▶ Exercise description
Extract the run of lines that starts at the top of the records below and ends at the line with "AI IMAGE - Illustration", keeping both ends and excluding pictures.

▶ Excerpted records
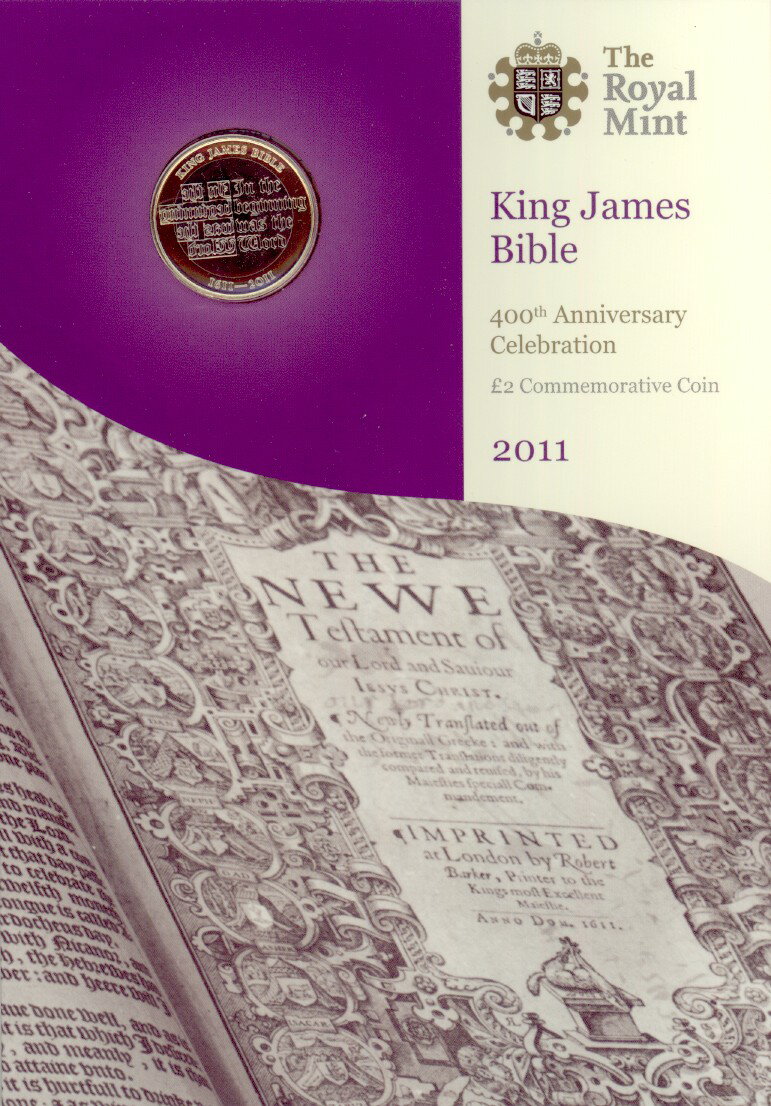 イギリス 欽定訳聖書発行400周年記念 2ポンド白銅貨 2011年 【 エリザベス女王 】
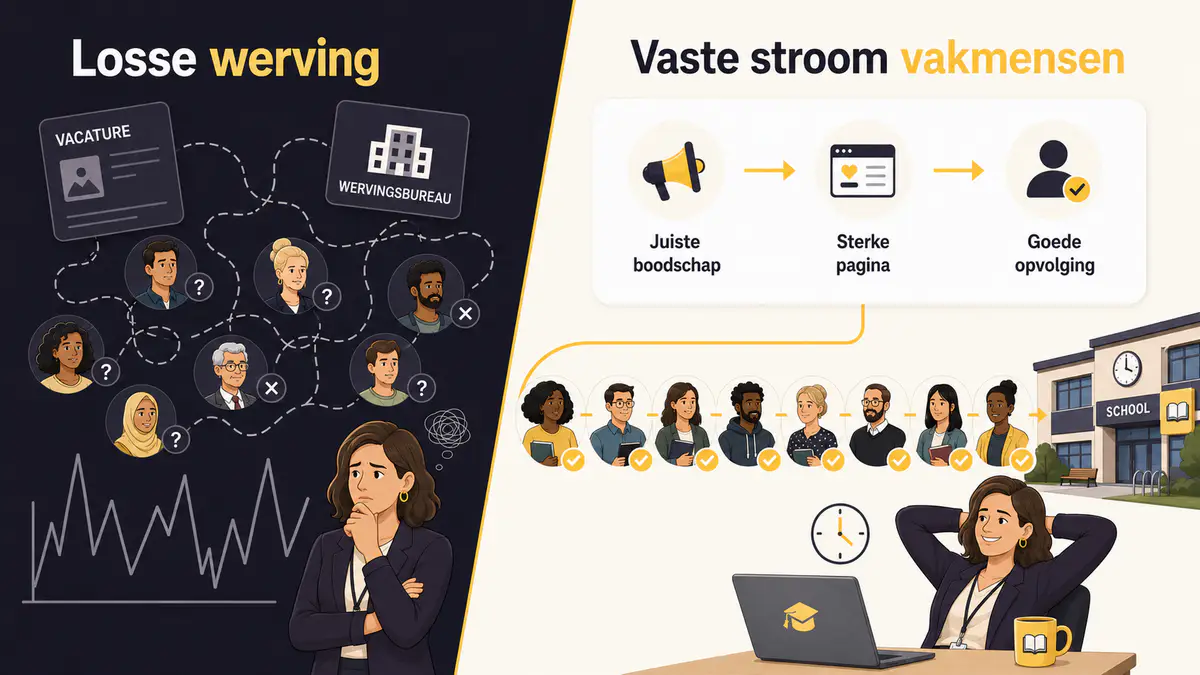Links losse werving met verspreide vacatures en bureaus; rechts een vaste stroom via de juiste boodschap, een sterke pagina en goede opvolging.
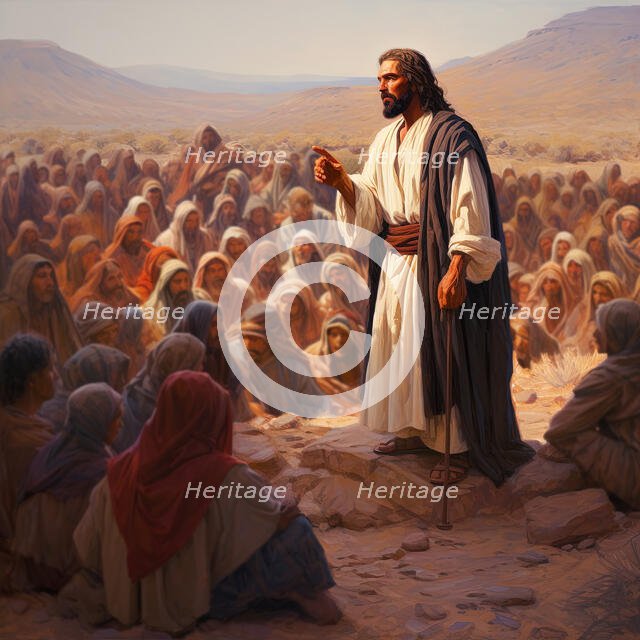 AI IMAGE - Illustration of Jesus preaching, 2023. Creator: Heritage Images.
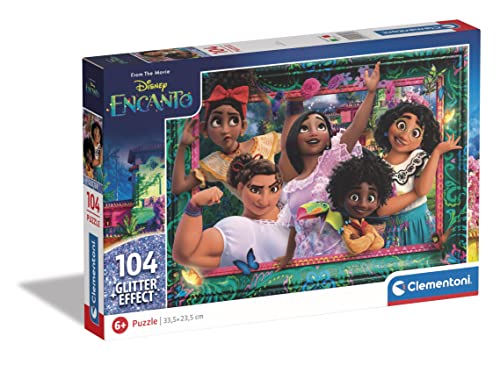 Clementoni - 20348 - Glitter Puzzle - Disney Encanto - Puzzle 104 Teile Ab 6 Jahren, Buntes Kinderpuzzle Mit Besonderer Leuchtkraft & Farbintensität, Geschicklichkeitsspiel Für Kinder von Clementoni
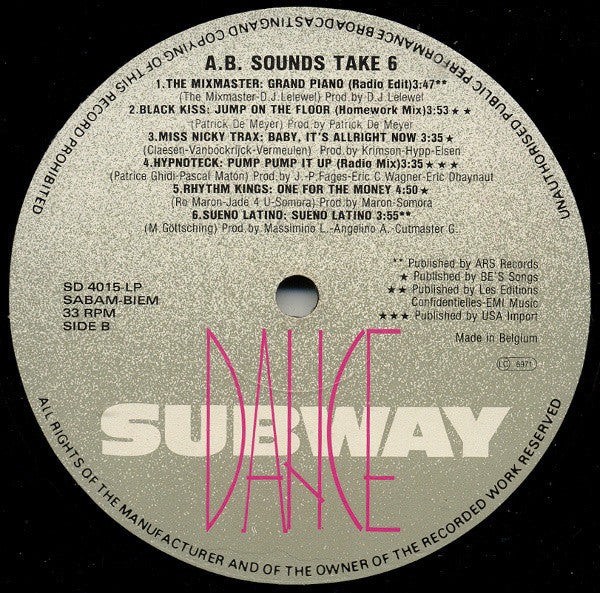 Various - A.B. Sounds - Take 6 - LP Record 1990 Subway Dance Belgium Vinyl - Electronic / Euro House / New Beat / Hip-House - Shuga Records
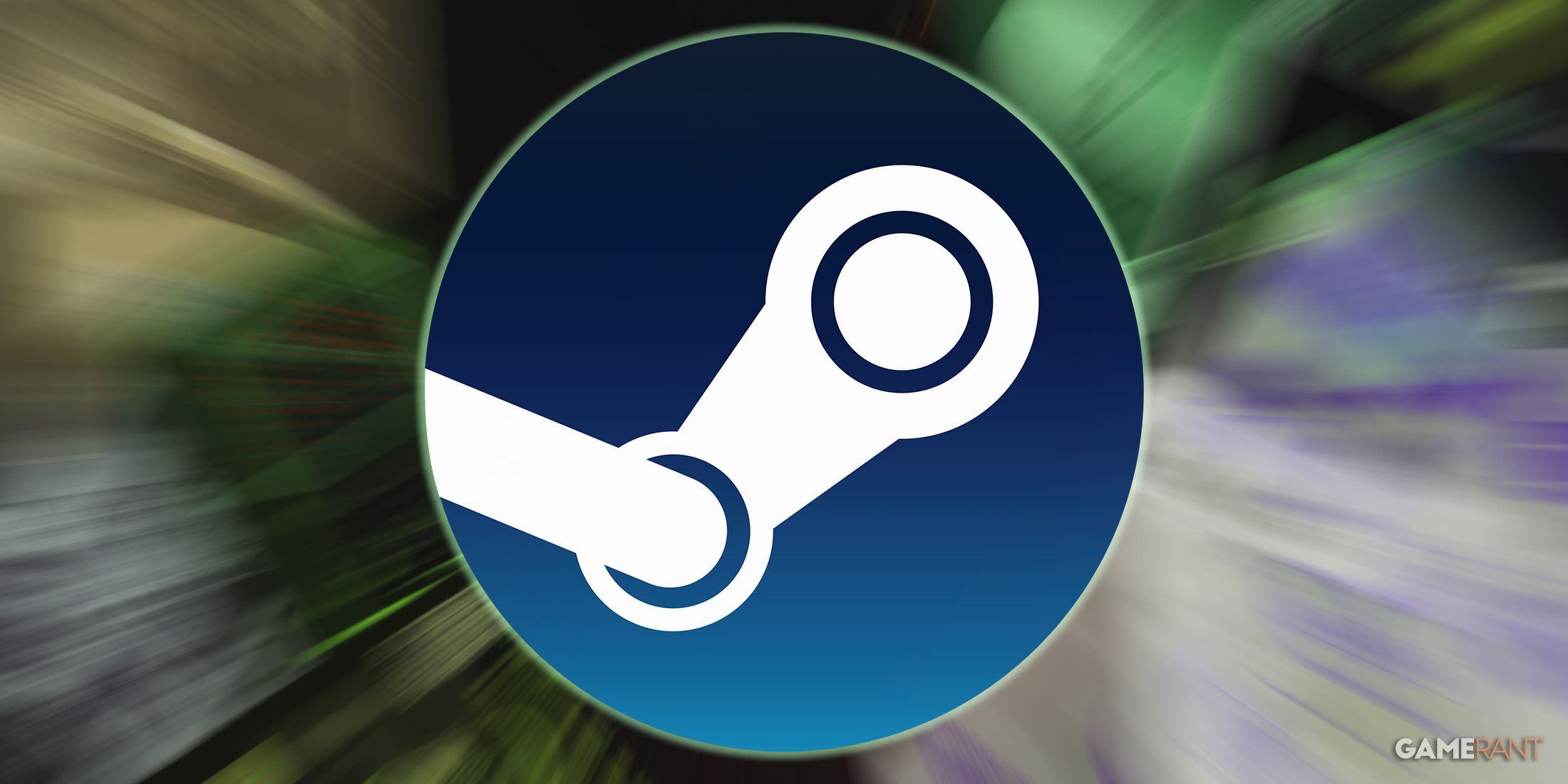 Steam logo over radial-blurred Haus Of Irndrous screenshot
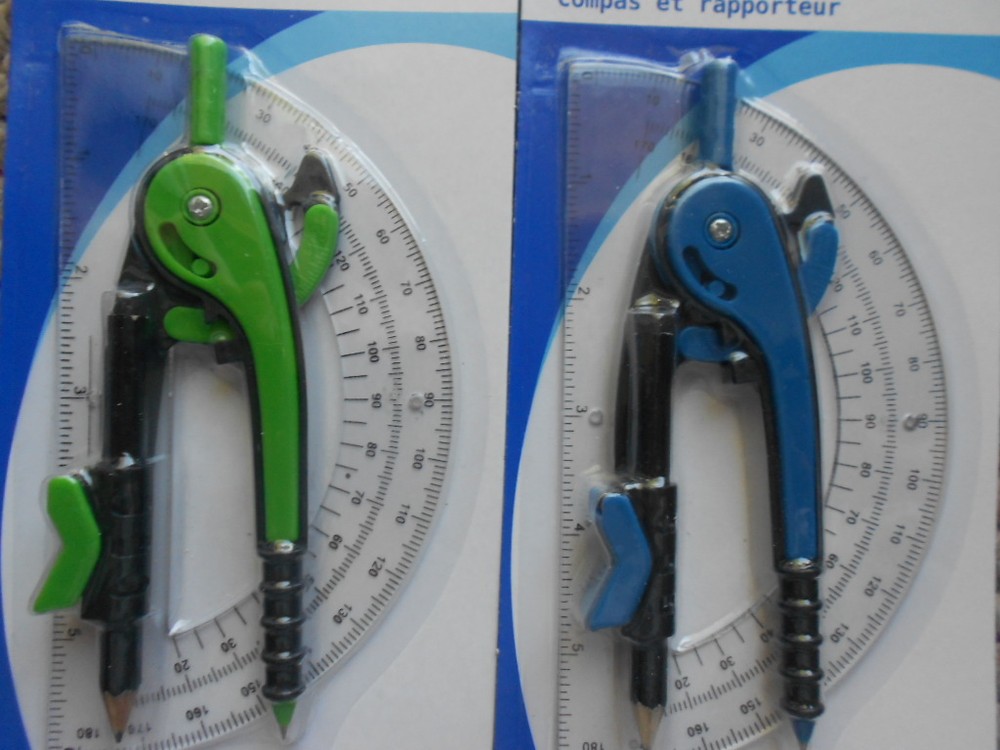 2 Sets of 'Compass and Protractor' // Each Set with 1 Compass & 1 Protractor //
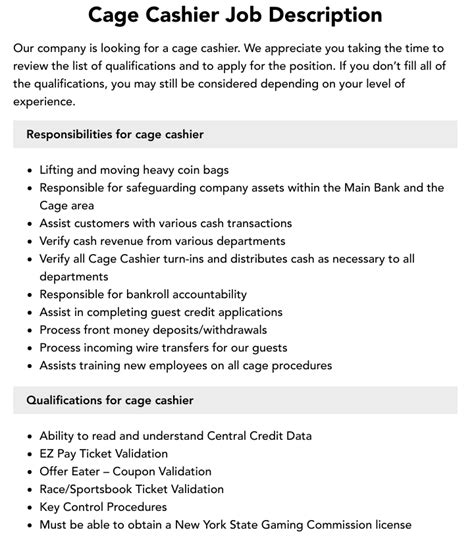 describe a typical work week for casino cage cashier - casino cage cashier jobs.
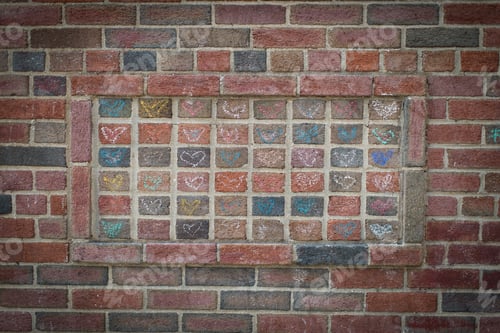 Visualização: Corações desenhados com giz colorido em uma parede de tijolos vermelhos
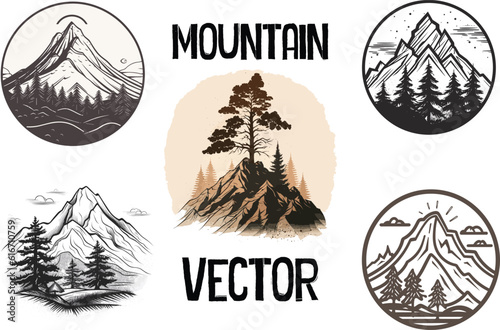 Mountain vector artwrok, mountaion tree, logo design photo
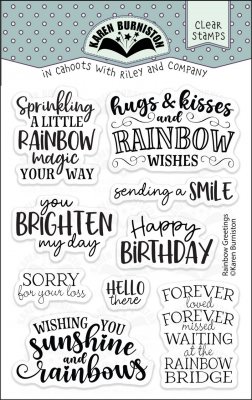 RAINBOW GREETINS clear stamp set - Stämpelset från Karen Burniston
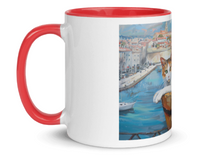 Tazza bianca disegnata dall'artista Georgette Guny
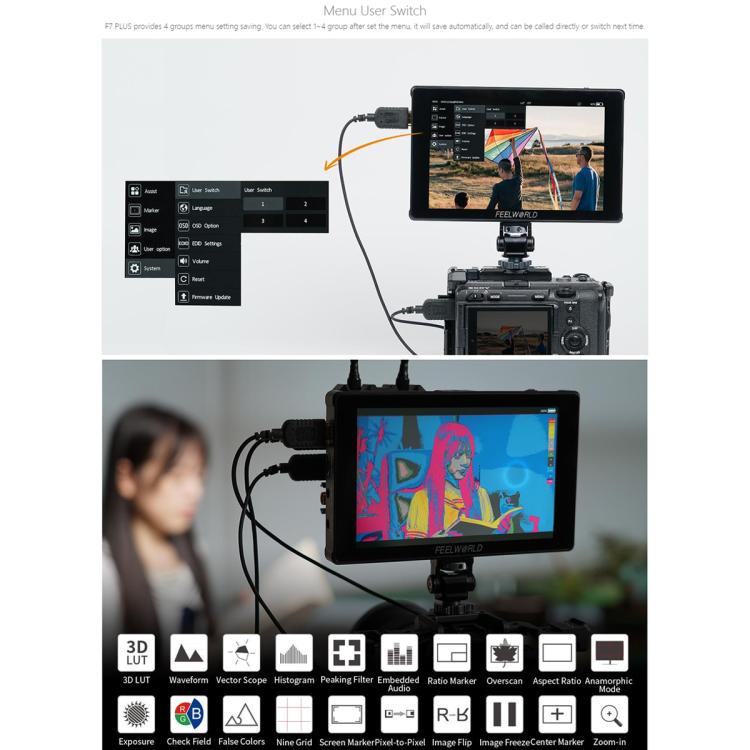 FEELWORLD F7 PLUS 7 inch DSLR Camera Field Monitor Touch Screen 4K HDMI High Brightness 1200nit Monitor, F7 PLUS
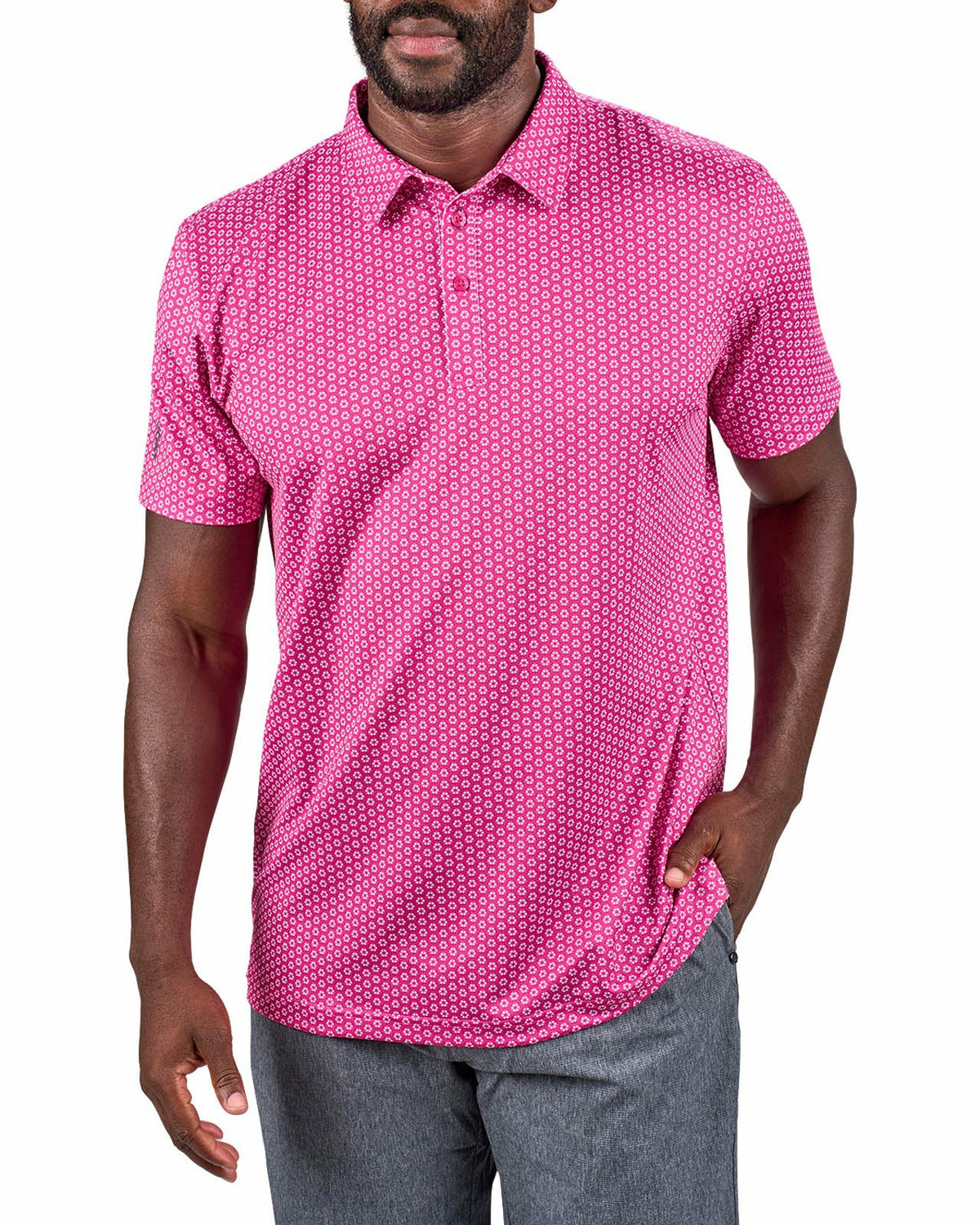 Men's Stylish Pink Golf Polo with Floral Pattern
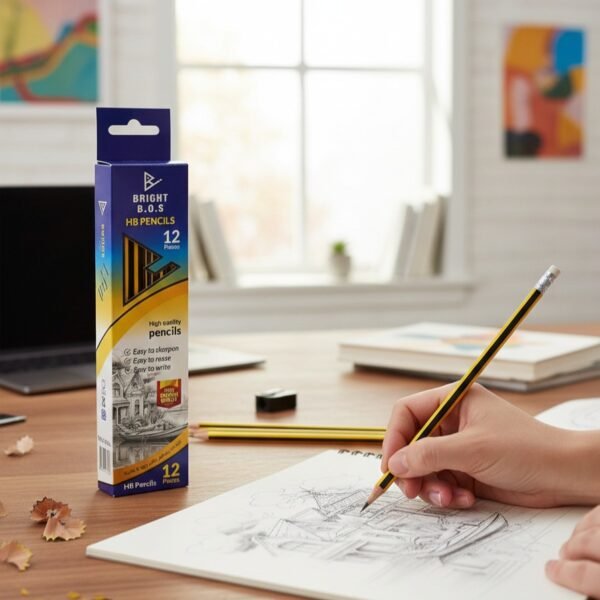 قلم رصاص HB برايت بوس اسود وأصفر بدون ممحاة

▶ Output of the exercise
 イギリス 欽定訳聖書発行400周年記念 2ポンド白銅貨 2011年 【 エリザベス女王 】
Links losse werving met verspreide vacatures en bureaus; rechts een vaste stroom via de juiste boodschap, een sterke pagina en goede opvolging.
 AI IMAGE - Illustration of Jesus preaching, 2023. Creator: Heritage Images.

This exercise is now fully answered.